We show that even though the Discontinuous Galerkin Spectral Element Method is stable for hyperbolic boundary-value problems, and the overset domain problem is well-posed in an appropriate norm, the energy of the approximation is bounded by data only for fixed polynomial order and time. In the absence of dissipation, coupling of the overlapping domains is destabilizing by allowing positive eigenvalues in the system to be integrated in time. This coupling can be stabilized in one space dimension by using the upwind numerical flux.
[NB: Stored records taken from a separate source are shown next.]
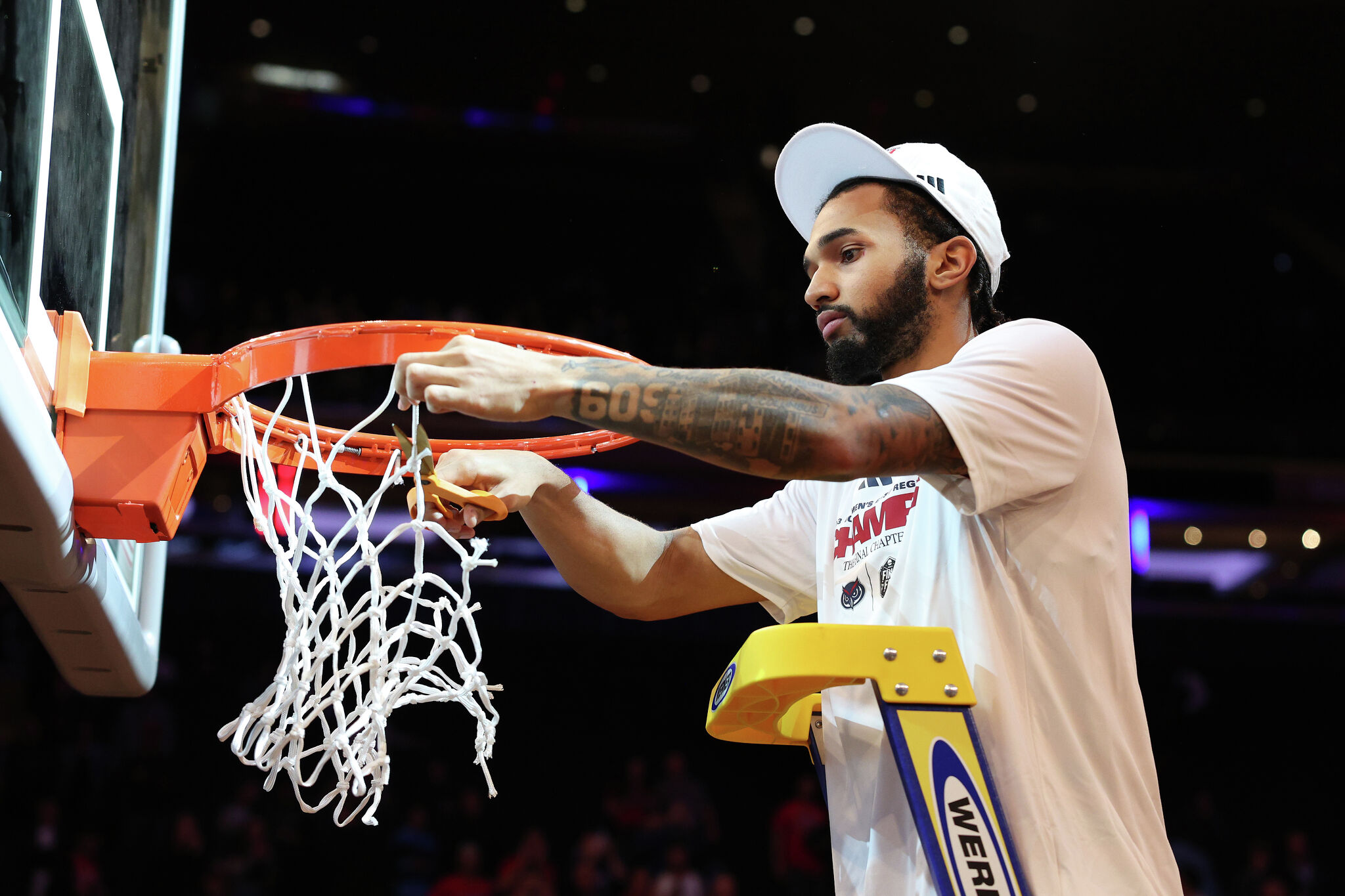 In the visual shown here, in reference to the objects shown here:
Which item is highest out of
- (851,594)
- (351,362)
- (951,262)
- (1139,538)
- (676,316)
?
(676,316)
To help provide additional dissipation, we introduce a novel penalty method that applies dissipation at arbitrary points within the overlap region and depends only on the difference between the solutions. We present numerical experiments in one space dimension to illustrate the implementation of the well-posed penalty formulation, and show spectral convergence of the approximations when dissipation is applied.

翻译：即使间断伽辽金谱元方法对双曲边值问题是稳定的，且叠合区域问题在适当范数下是适定的，但仅当多项式阶数和时间固定时，逼近的能量才受到数据的约束。在无耗散情况下，通过允许系统中正特征值随时间积分，重叠区域的耦合会导致失稳。通过使用迎风数值通量，这种耦合在一维空间中可被稳定化。为提供额外耗散，我们提出一种新型惩罚方法，其在重叠区域内任意点施加耗散，且仅依赖于解之间的差异。我们通过一维数值实验验证了适定惩罚公式的实现，并展示了施加耗散时逼近的谱收敛性。